I’m very excited about this. I was really into Pinter in college (as were all theatre students), but I mostly knew his work from reading his plays. Other than scene work done in class by other students, the only actual full performance I ever saw was a production of The Dumb Waiter once. To actually see a professional Broadway production would be a great experience anyway, but with this cast- wow!
McKellen and Stewart are also performing Waiting for Godot The two productions are running concurrent! Godot tickets didn’t fit with my schedule, so I went with No Man’s Land- it’s not a play that I am familiar with, but I fully expect that I’ll cherish the experience.
I’m not going until the end of December, so anyone who wants an update will have to wait.
We saw The Caretaker a couple of years ago with Kyle Maclachlan and Patrick Stewart. Absolutely deadly. I’d like to see the revival of Betrayal with Daniel Craig and Rachel Weisz, but it’s a short run and I don’t think we can get there. Bummer.
Stewart is a powerful stage presence but Maclachlan’s key scene absolutely stole the show.
[spoiler]When his character is sitting on the bed, slowly recounting his history and you find out he was in a mental institution getting shock therapy and other heavyweight abuse, the light irised down to his face so slowly you never noticed until it blinked out.
There was dead silence in the theater for about four seconds, and then every single member of the audience made a soft exclamation. It was spooky.[/spoiler]
I feel a twinge of sadness at realizing I’ll never see Patrick Stewart drink raw eggs as a mumbling thumb-breaker while Ian McKellen crisply delivers key lines.

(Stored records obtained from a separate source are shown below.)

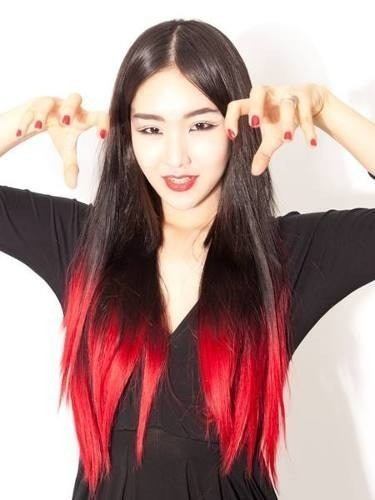 Ombré hair vermelho em cabelo preto longo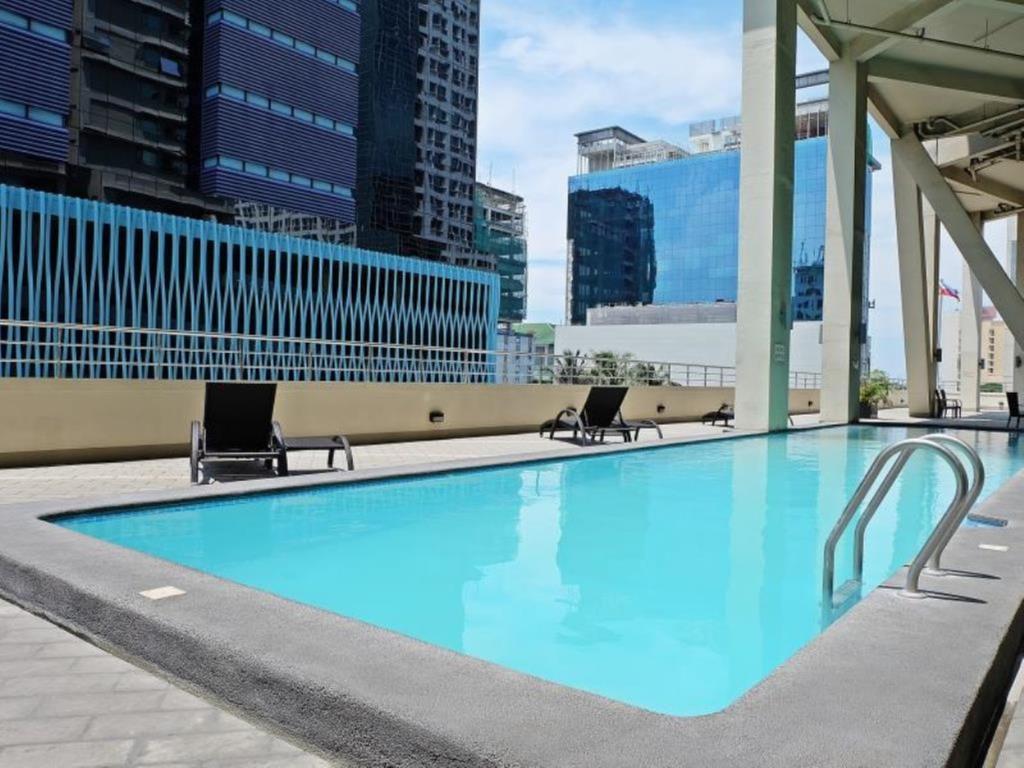 Mandarin Plaza Hotel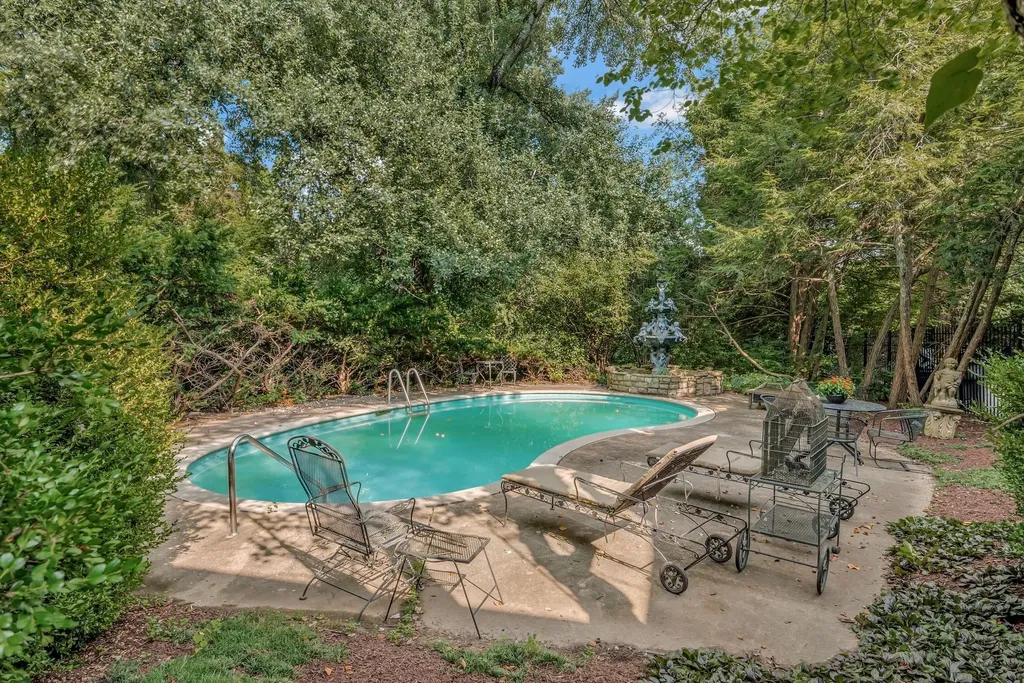 1108 Belle Meade Boulevard Nashville TN 37205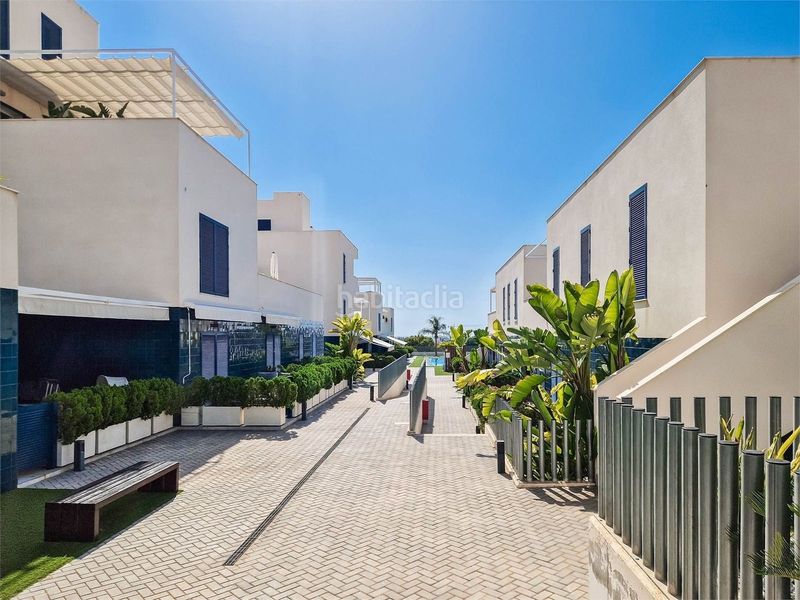 Foto 80d54fe5-84b9-45f4-93df-4a116fc521e5. Apartament amb piscina a Playa Flamenca Orihuela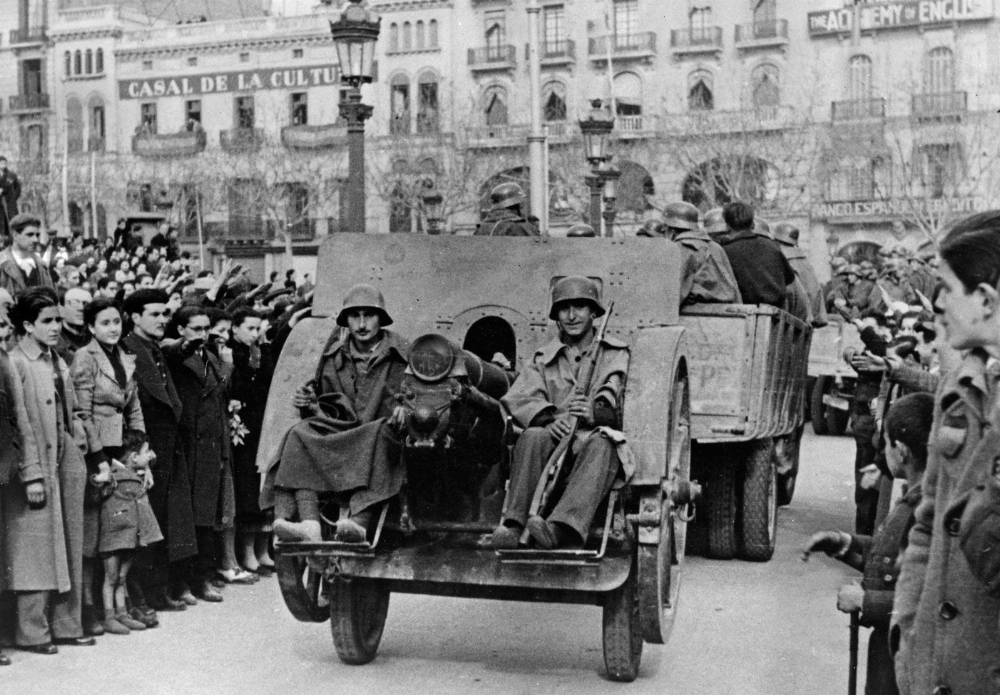 rancisco-Franco-troops-Barcelona-Spanish-Civil-War.jpg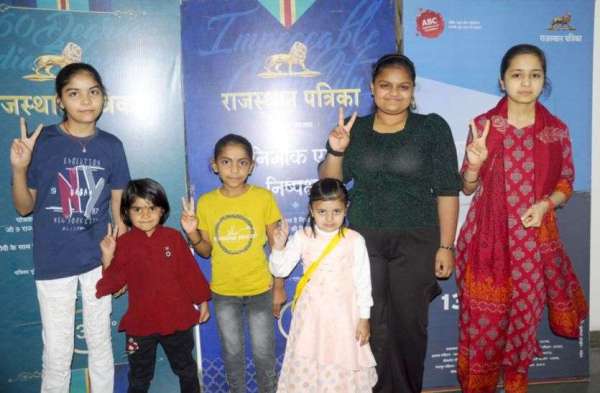 Daughter @ Work : बेटियों की खुशी हुई दोगुनी, बोलीं- हम भी छू लेंगी आसमान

“Look, it’s the name, man: THE EYE-TALIAN STALLION. The media will eat it up! Now who discovered America? An Italian, right? What would be better than to get it on with one of his descendants … nothing; I’ll drop him in three. ‘Apollo Creed Meets The Italian Stallion’. Sounds like a damn monster movie!”
Patrick Stewart as Prospero in Shakespeare in the Park was a once-in-a-lifetime experience. Well-worth the 8 hour wait on the NYC sidewalk for tickets.

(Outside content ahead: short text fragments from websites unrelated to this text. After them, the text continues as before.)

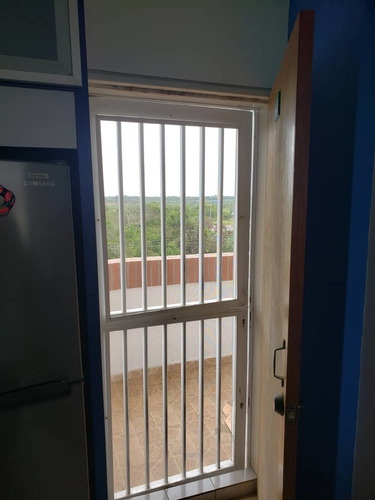 Imagen 4 de 10 de Apartamento En Puerto Esmeralda En Venta. Higuerote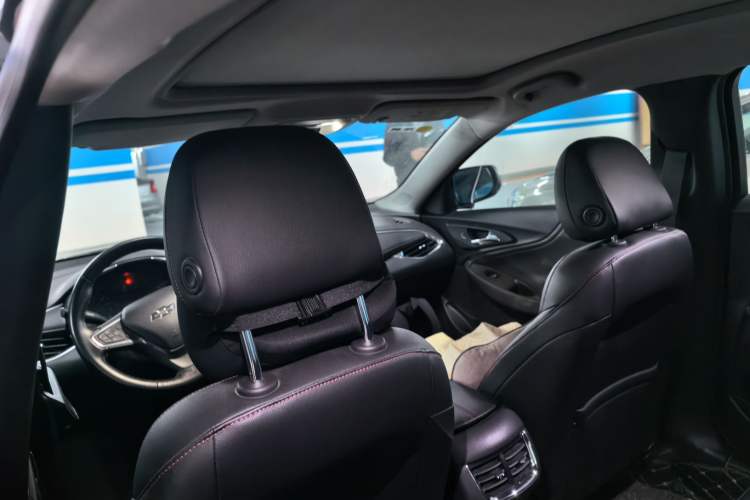 Used Chevrolet Malibu XL 2022 Redline 550T Automatic Sport Edition Headliner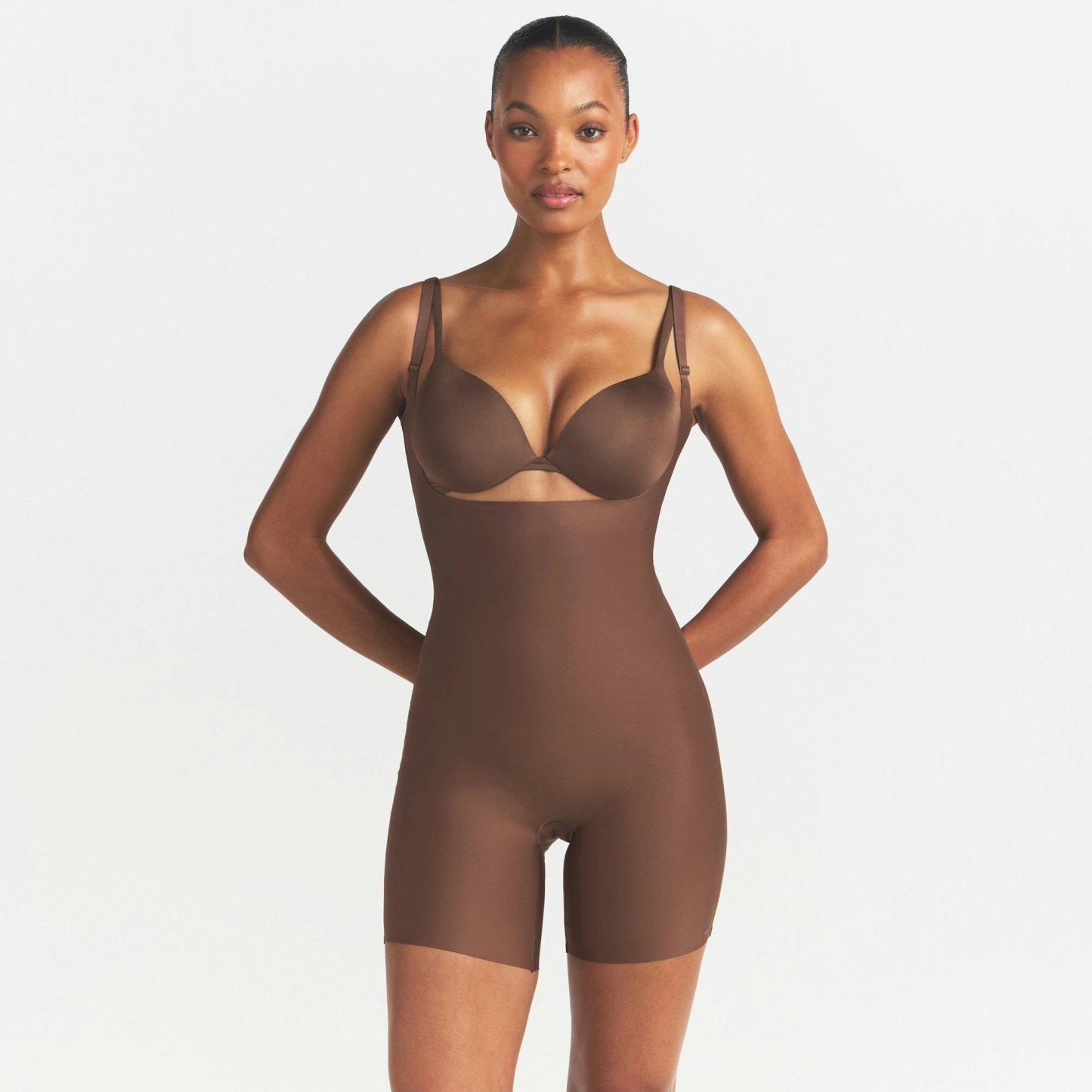 SKIMS BODY CORE SCULPT BACK SMOOTHING OPEN BUST MID THIGH BODYSUIT - JASPER
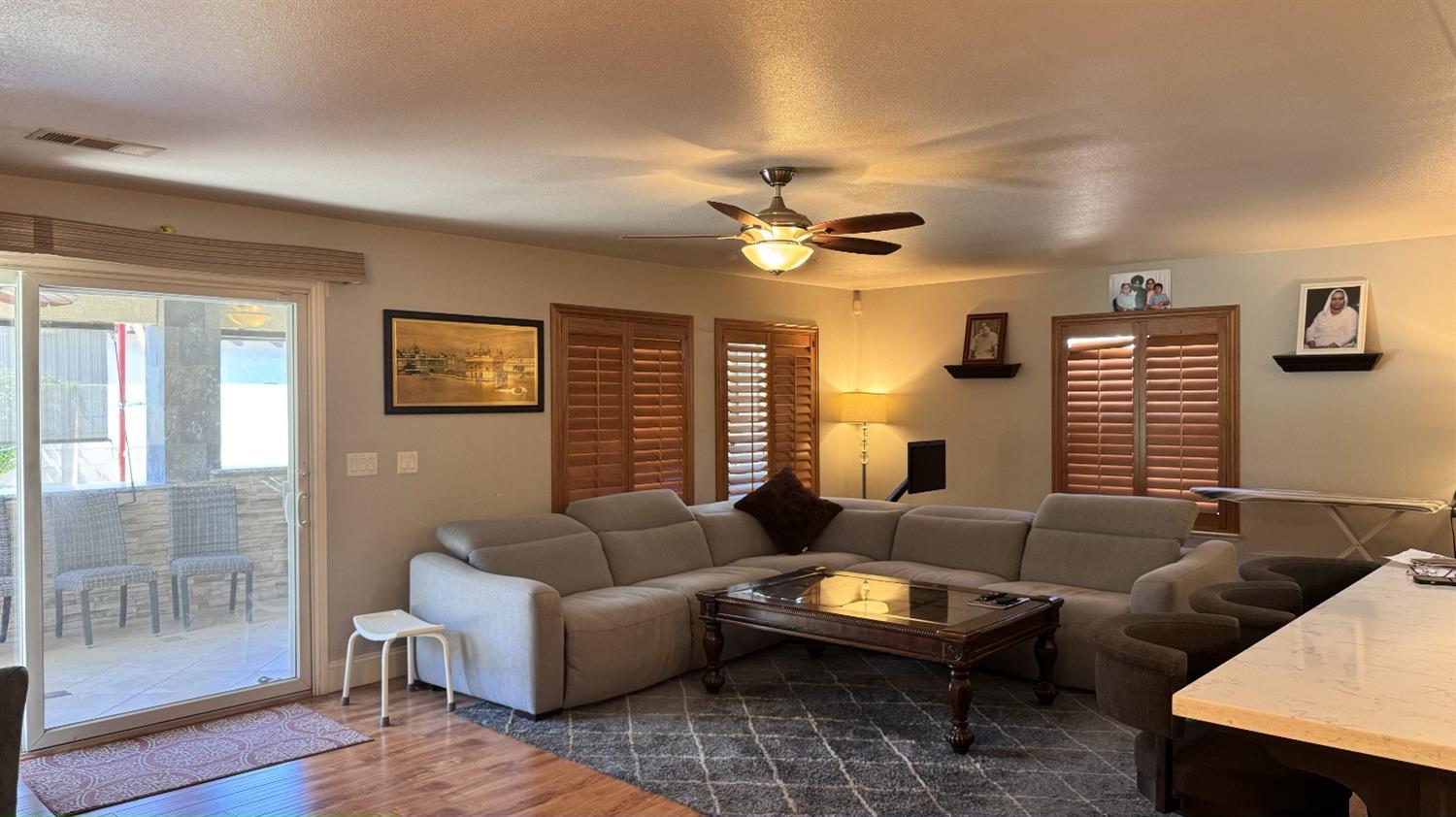 5052 W Locust Ave, Fresno, CA 93722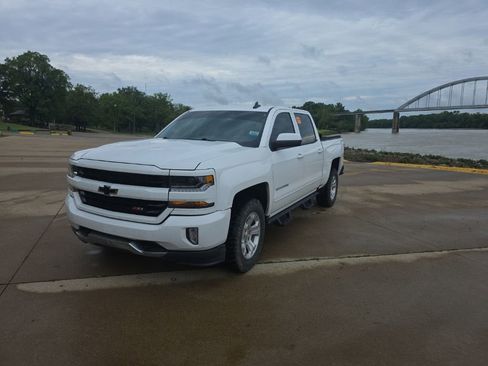 Used 2018 Chevrolet Silverado 1500 LT w/ All Star Edition AWD/4WD image 49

Wonderful! Godot is going to be the hot ticket, but No Man’s Land is a great show (I have always been partial to Pinter.) I don’t think I am going to be able to get tickets so you will have to report back.
It’s not a very long run, so I’m surprised all the tickets didn’t sell out in a couple of hours. Maybe I’ll get tickets to No Man’s Land, too. This is how spoiled you can get living in NYC: I’ve seen Stewart in The Ride Down Mt. Morgan, The Caretaker, and Macbeth, and McKellen in Dance of Death.

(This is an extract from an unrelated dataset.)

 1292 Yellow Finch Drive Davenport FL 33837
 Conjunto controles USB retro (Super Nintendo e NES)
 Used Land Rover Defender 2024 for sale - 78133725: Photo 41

I am deeply in love with The Caretaker and would have loved to have seen Stewart in it. Pinter was clearly writing for Stewart, he just didn’t know it at the time. McKellen is no slouch either and is going to excellent as well.
A few years back, I saw Stewart on Broadway in David Mamet’s A Life in the Theater, with T.R. Knight. He’s a much better comedian than I expected.
I was so used to seeing Stewart playing serious authority figures, I wasn’t quite prepared to see him playing a very dim, slightly pompous, aging actor in a small repertory theater. He was very funny, and sometimes quite touching.
I saw them in Berkeley this fall, from front row center seats. Absolutely fantastic performance, and I was glad to see Billy Crudup in something. As somebody asked above, no, there were no women in the cast.
It’s an interesting production: they put a lot more emphasis on the banter and comedy than on the absurdist existential tragedy. McKellen says something in the program about not wanting to over-intellectualize the show. So it’s a funnier Waiting for Godot than you might expect.
Cool. I would have loved to have gotten tickets for Godot, but it doesn’t work with our schedule. I am not familiar with No Man’s Land but I am familiar with other Pinter works- and with this cast, I knew there was no way I’d let the opportunity pass me by.
I have no doubt it’s the kind of situation where the cast carries a certain energy from one play to the next. There’s no way that one of them is great but the other isn’t.